In the final two stanzas, the speaker describes himself as a person who has stood by silently while “your betraying sisters, / cauled in tar / wept by the railings” (38 – 40). This is a direct reference to the treatment of ‘betraying’ Catholic girls. By calling them the Windeby girl’s sisters, he is finally drawing a distinct connection between the two. He then describes himself as the person “who would connive / in civilized outrage” (41 – 42). Here, connive seems to carry dual meaning – one meaning being that the speaker is failing to act against something he should oppose and the other is to have secret sympathy for something or someone. The oxymoron of ‘civilized outrage’ is an echo of the hypocritical way the speaker feels – a point solidified by the last two lines: “yet understand the exact / and tribal, intimate revenge” (43 – 44). Thus, while the speaker pities the victims of these crimes and regrets standing idly by to watch, he reveals that the reason he does stand by is because he understands the actions of the Windeby girl’s tribe as well as the actions of the Irish-Catholics as being necessary.

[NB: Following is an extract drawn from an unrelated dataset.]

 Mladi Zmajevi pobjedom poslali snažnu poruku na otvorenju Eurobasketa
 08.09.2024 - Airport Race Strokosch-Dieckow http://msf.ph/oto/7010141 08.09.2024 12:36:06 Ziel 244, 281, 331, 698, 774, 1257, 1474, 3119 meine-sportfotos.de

While “A Constable Calls” is a good look from a child’s point of view at a time immediately preceding the ‘Troubles,’ “Punishment” delivers a solid look at life in the midst of the turmoil and conveys a sense of not fully knowing where to stand, but realizing the necessity of standing in the first place. While Heaney may have defied expectations by never taking over his father’s farm or joining the IRA (Irish Republican Army) (O’Dochartaigh 42) during the ‘Troubles,’ he still worked to provide significant insight into the lives of different people’s experiences and views of the time by utilizing inspiration from his own life as well as the archaeological findings of The Bog People.
Works Cited
Bloom, Harold. Seamus Heaney. New Haven, CT: Chelsea House, 1986. Print.
Coogan, Tim P. The Troubles: Ireland’s Ordeal 1966-1996 and the Search for Peace. Boulder: Roberts Rinehart, 1996. Print.
“Domesday Book.” History Learning Site. Web. 13 May 2010. <http://www.historylearningsite.co.uk/domesday.htm>.
Glob, P. V. The Bog People; Iron Age Man Preserved. Ithaca, N.Y.: Cornell UP, 1969. Print.
Heaney, Seamus. Preoccupations: Selected Prose, 1968-1978. New York: Farrar, Straus, Giroux, 1980. Print.
O’Dochartaigh, Niall. From Civil Rights to Armalities: Derry and the Birth of the Irish Troubles. Cork: Cork UP, 1997. Print.
Vendler, Helen. Seamus Heaney. Cambridge, Mass.: Harvard UP, 1998. Print.